I stood there transfixed. We were having a pleasant conversation, but I became so completely distracted that our voices faded into the background and I found myself listening to the slight roar of the blowtorch over the voices of the other hungry diners. I had been watching thick slices of bacon subtly dance on the flattop griddle as they cooked to crispy perfection, but when he delicately placed a perfectly poached egg on top of that sensual mound of sliced pork belly I could no longer give our conversation full attention. The discussion waned, and he became occupied with layering thin slices of locally produced Coppinger cheese across the top of that quivering egg and following its contours with the flame of the blowtorch, the cheese melting until it clung to the egg like a like a well-tailored cocktail dress. He was deeply focused on creation, but I was singularly focused on consumption.
This scene didn’t play out in one of Chattanooga’s linen-tablecloth, fine-dining restaurants. No, I was watching this piece of food porn unfold before my eyes through the window of one of the city’s finest food trucks, Famous Nater’s World Famous.

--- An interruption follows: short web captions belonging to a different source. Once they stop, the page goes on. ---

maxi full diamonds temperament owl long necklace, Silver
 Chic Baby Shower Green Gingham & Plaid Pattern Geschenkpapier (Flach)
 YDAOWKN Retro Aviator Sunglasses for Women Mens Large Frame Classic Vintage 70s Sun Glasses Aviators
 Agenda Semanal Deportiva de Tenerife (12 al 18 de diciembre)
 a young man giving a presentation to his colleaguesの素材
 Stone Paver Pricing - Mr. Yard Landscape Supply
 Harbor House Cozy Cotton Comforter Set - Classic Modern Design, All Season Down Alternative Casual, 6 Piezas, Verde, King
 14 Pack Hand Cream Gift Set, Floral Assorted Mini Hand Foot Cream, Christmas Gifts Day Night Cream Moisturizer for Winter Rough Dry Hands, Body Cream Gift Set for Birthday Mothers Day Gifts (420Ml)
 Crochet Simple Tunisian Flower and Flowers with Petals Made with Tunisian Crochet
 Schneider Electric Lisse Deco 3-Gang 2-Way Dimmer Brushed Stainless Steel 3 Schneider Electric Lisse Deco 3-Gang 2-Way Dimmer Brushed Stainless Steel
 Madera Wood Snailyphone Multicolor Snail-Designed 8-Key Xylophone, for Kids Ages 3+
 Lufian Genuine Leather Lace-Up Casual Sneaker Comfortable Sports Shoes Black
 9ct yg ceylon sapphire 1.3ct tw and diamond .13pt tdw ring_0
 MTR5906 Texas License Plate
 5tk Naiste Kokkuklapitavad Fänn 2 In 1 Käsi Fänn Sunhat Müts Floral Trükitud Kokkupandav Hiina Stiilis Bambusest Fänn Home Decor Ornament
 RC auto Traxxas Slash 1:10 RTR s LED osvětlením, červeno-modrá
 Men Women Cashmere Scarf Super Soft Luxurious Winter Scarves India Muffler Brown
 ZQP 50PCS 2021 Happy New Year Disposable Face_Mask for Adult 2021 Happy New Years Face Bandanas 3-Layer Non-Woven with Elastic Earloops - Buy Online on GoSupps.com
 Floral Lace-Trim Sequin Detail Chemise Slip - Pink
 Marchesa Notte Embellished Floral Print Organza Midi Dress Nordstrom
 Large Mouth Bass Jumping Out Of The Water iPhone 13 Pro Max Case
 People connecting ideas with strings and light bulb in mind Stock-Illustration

You might remember the quilted chrome sides and glass doors of “roach coaches” that would roam the city, stalking lunch-seekers with what was essentially a mobile vending machine full of egg salad sandwiches emitting a questionable odor and shart-inducing “beef” burritos. But today’s food trucks are about as far from the old barf buggies as you can get and have become essentially small restaurants on wheels.
Chattanooga is currently home to six food trucks, with at least two more hitting the streets over the next couple of months. Several days a week you can find a flock of these trucks gathered together like a wandering gang of culinary gypsies serving up Korean tacos, gourmet Argentinean sandwiches, artisan burgers and fresh doughnuts.
When a group of us hit Fresh on Fridays at Miller Plaza or Street Food Thursdays at Warehouse Row, we inevitably spread out among the trucks according to preference. Some grab Korean tacos and banchan at Taco Sherpa, others go for Argentinean milanesa and empanadas from Taste of Argentina, but I seem to always end up at Famous Naters World Famous for one of Chef Nathan Flint’s delicious creations.
Flint is no pseudo-chef riding a food-truck trend to pay for his tapered jeans and pimp his line of cheap cookware on the shopping channel (I’m looking at you Tyler Florence). He is a Culinary Institue of America-trained chef with a long résumé from working in the kitchens of both the Atlanta and Boston Ritz Carlton Hotels to cooking alongside James Beard award-winning chefs in restaurants like Bacchanalia and Radius.
Most of his menu items are in sandwich form, which makes it easy for you to walk away with fine-dining quality food in an easy-to-manage, brown-paper package. Catch him early, and you can grab a breakfast of confit pork belly. At lunch you might find braised pork with plumb wine chili vinaigrette on the menu. For Iron Chef fans, Flint has recently been using an immersion circulator (yes, in a food truck) to make the most perfect slow-poached eggs for, among other things, the Pork Benedict sandwich—a slow-poached egg, pulled pork, bacon, Canadian bacon and hollandaise sauce. Suck on that, Jeff Mauro.
Let’s be clear: Famous Nater’s has no fryer, microwave, no prepackaged shortcuts. Flint makes virtually everything from scratch using the freshest, locally grown and sourced foods in the area. Personally, I couldn’t be happier that street food is becoming an accepted part of the Chattanooga food scene. I would love to see more carts, stands and food-hawkers hit the streets as long as the community continues to embrace them—and they should.